Le mouvement de contestation en Kabylie gêne d'autant plus le pouvoir qu'il se prolonge dans le reste du pays. Ailleurs aussi, des manifestations dégénérant souvent en émeutes se sont déroulées, contre le chômage, sur les problèmes de logement, d'eau, de corruption des pouvoirs locaux, ou contre les exactions et tueries des forces de l'ordre. Tout le pays en a assez de la dictature militaire, de la misère et de la répression. Sans parler de la poursuite des attentats sanglants que la dictature n'évite nullement (sauf dans la zone pétrolière, comme par hasard).

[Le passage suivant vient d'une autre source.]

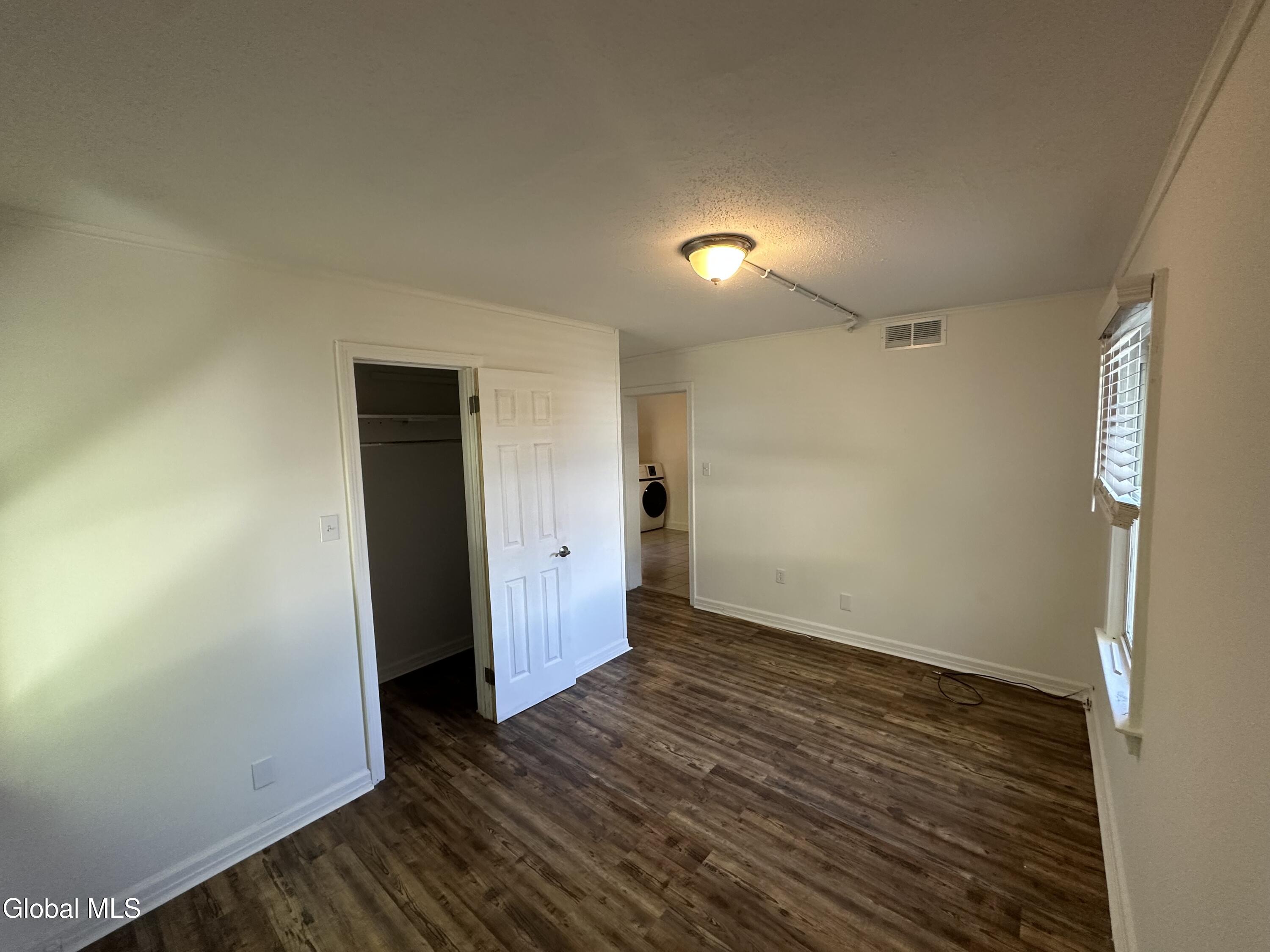 47 Pine Street, Unit 2 Rensselaer, NY 12144 - Photo 19 of 22 IMG_4288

Dans le même temps, la contestation sociale menace toujours. Dernièrement les enseignants de Béjaïa en grève ont entraîné non seulement ceux de Kabylie mais aussi de tout le pays dans un mouvement national très massivement suivi. Dans tous les secteurs, les salaires impayés depuis des mois, ou bloqués alors que les prix sont au plus haut, alimentent le mécontentement. D'autant plus que les rentrées d'argent liées au gaz et au pétrole ont atteint des sommets (officiellement 18,5 milliards de dollars d'exportations en 2001), et que cet argent alimente les fortunes de quelques potentats locaux en même temps qu'il grossit le capital de grosses sociétés étrangères. Le peuple travailleur algérien n'en voit pas la couleur et ne connaît aucune amélioration, ni pour se loger; ni pour se soigner, ni pour faire face à des catastrophes comme la dernière inondation.

Pour tenter de masquer les problèmes, Bouteflika en est alors réduit à de grossières manoeuvres et souffle sur le nationalisme. Il vient ainsi de s'afficher aux côtés des Sahraouis en guerre contre l'État marocain pour leur indépendance, et des bruits bottes résonnent à nouveau aux frontières entre Algérie et Maroc.